Public attitudes toward immigration, as on many issues, can vary depending on the wording of poll questions. Depending on how the options are phrased, some surveys (such as a USA Today/Gallup Poll in January) find the country very closely divided, or even slightly opposed to creating a means for illegal immigrants to obtain legal status and ultimately citizenship.

But in most surveys, a solid majority of Americans routinely supports establishing such a pathway to citizenship. What’s more, the results have been remarkably stable over the years.

In March, for instance, the Pew Research Center for the People and the Press found that 72 percent of Americans said they would support “providing a way for illegal immigrants currently in the country to gain legal citizenship if they pass background checks, pay fines, and have jobs.” On the four other occasions Pew has asked that question, dating back to 2007, at least 58 percent of Americans have echoed that sentiment.

Likewise, in CBS/New York Times polls dating back to 2006, consistently only about one-third of Americans have said that illegal immigrants should be deported, while about three-fifths or more have said they should be allowed to obtain legal status and remain in the country if they meet certain conditions. Surveys by the Los Angeles Times and the ABC/Washington Post dating back to the 2006 immigration debate have usually produced similar results as well.

In the latest Pew survey, nearly four-fifths of Democrats and almost three-fourths of independents supported a pathway to legalization—as did more than three-fifths of both Republicans and self-indentified conservatives.

Given the breadth—and persistence—of those findings, why do many politicians consider legalization a political third rail?
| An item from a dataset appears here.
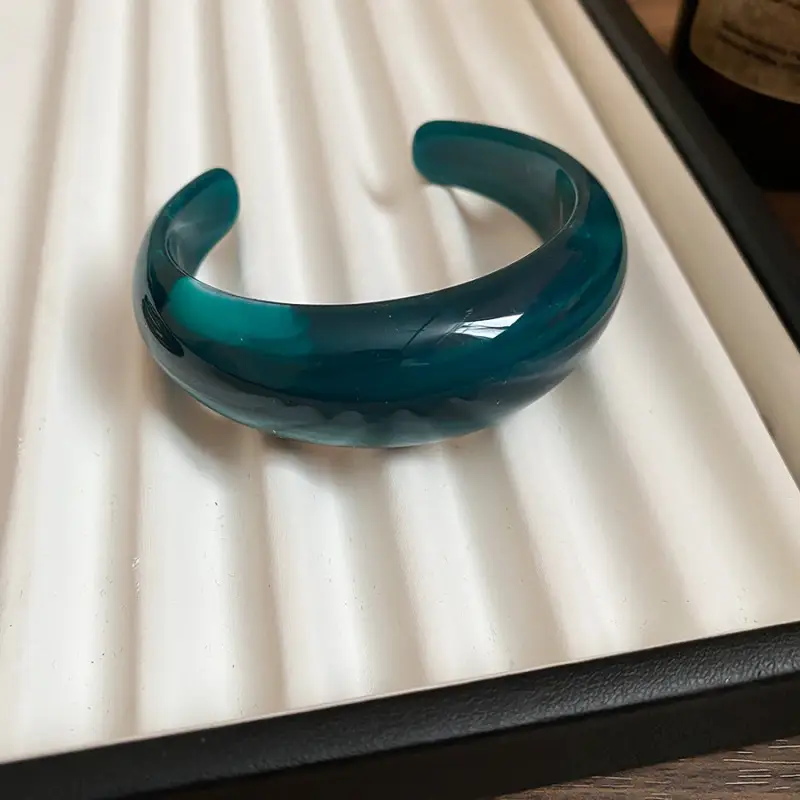 European and American Exaggerated Resin Round Open Bracelet Ring Fashion Elegant Versatile Bracelet Niche High-End Hand Jewelry for Women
Intensity trumps the majority?

Ayres says “the answer is intensity. The people who are opposed to some of these initiatives are loud and vigorous and intense, and not shy about sharing their feelings. The people who in favor of some sort of path to earned citizenship are passive, almost in a shoulder-shrug category. The only people legislators hear from are those that are intensely opposed.” That dynamic, Ayres notes, makes it especially difficult for Republican officeholders to defend legalization in a GOP primary.

Democratic pollster Molyneux agrees that among whites, opponents of legalization are much more focused on the issue than supporters. That’s less true now among the population overall, he says, because the issue has increased in salience for the rapidly growing Hispanic population. But the intensity gap among whites, he agrees, discourages support for legalization not only among Republicans but also among Democratic Senate and House members representing constituencies with few Hispanics.

The larger problem, Molyneux believes, is that the support in surveys for legalization masks a deeper ambivalence among most Americans. “People are genuinely conflicted,” he says. “They think people who came here illegally did something wrong and they don’t want to reward that behavior. Then the pragmatic part of their brain says we are not going to, and probably should not deport [all] illegal immigrants.”

Those attitudes create an environment, he says, in which politicians who support legalization worry that counter-arguments, such as the claim that it amounts to amnesty for law-breakers, will undermine the initial public support.

Obama’s speech Tuesday was mostly aimed at reconfiguring the debate from a different direction. As Ayres notes, even many Americans sympathetic to legalization are reluctant to consider it so long as they believe illegal immigrants can still easily cross the Mexican border. Obama began an effort Tuesday to ease those concerns by insisting, “we have strengthened border security beyond what many believed possible.”

“The argument the president is making is important,” Ayres says. “He’s got to persuade at least half the people that we have control of our borders or else nothing is going to happen on any of these other fronts.”